**Exercise aim:**
All of the listing below must be repeated word for word. Pictures are the only thing to omit.

**Information shown:**
--------
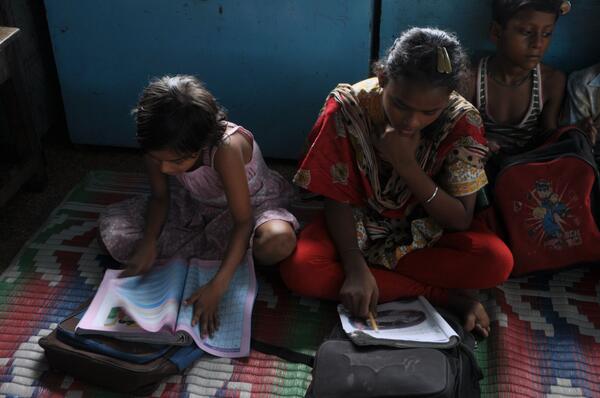 newlightkol's tweet photo. Education has always been a major thrust area in New Light from its inception #NewLightKol @urmibasu1 http://t.co/l5bYoMXqyN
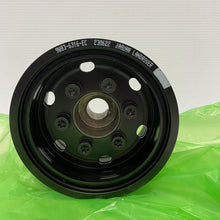 Load image into Gallery viewer, NEW LAND ROVER DISCOVERY V L462 CRANKSHAFT PULLEY LR124257 GENUINE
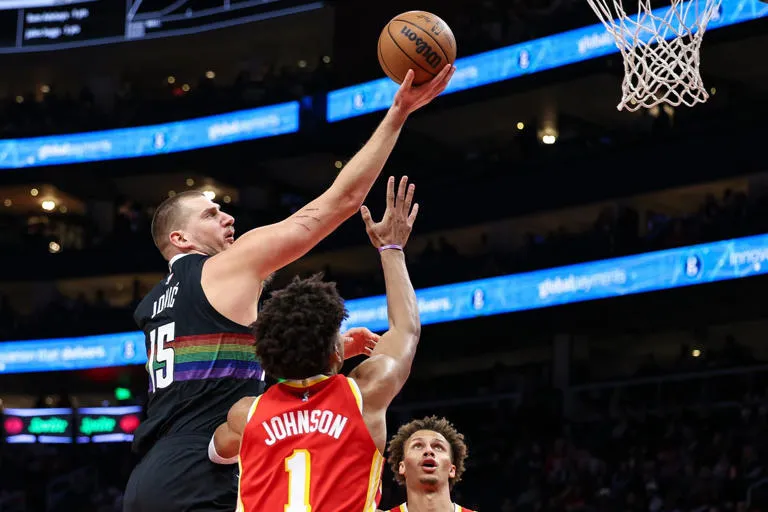 Nikola Jokić lidera remontada épica y los Nuggets vencen 134-133 a los Hawks 🔥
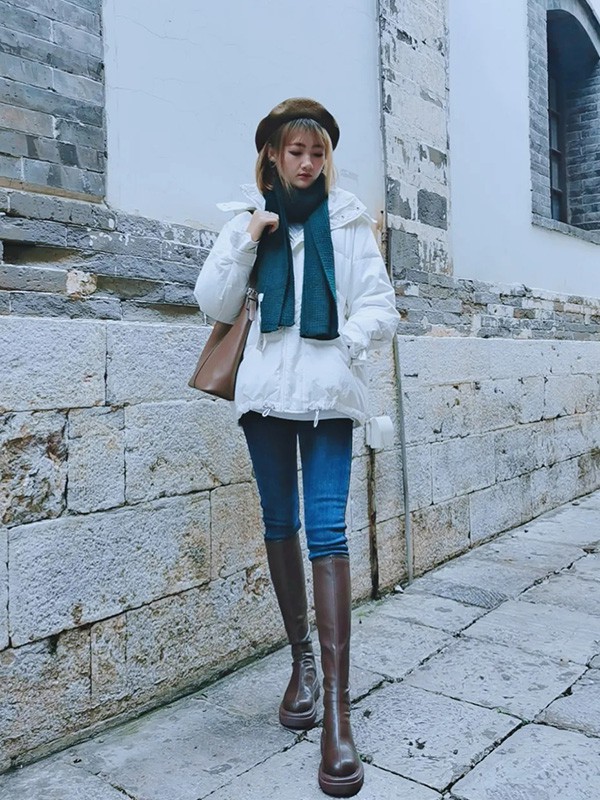 冬末穿什么棉服不臃肿  范色女装短款棉服搭配小脚裤更好看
--------
**Task output:**
 newlightkol's tweet photo. Education has always been a major thrust area in New Light from its inception #NewLightKol @urmibasu1 http://t.co/l5bYoMXqyN
 Load image into Gallery viewer, NEW LAND ROVER DISCOVERY V L462 CRANKSHAFT PULLEY LR124257 GENUINE
 Nikola Jokić lidera remontada épica y los Nuggets vencen 134-133 a los Hawks 🔥
 冬末穿什么棉服不臃肿  范色女装短款棉服搭配小脚裤更好看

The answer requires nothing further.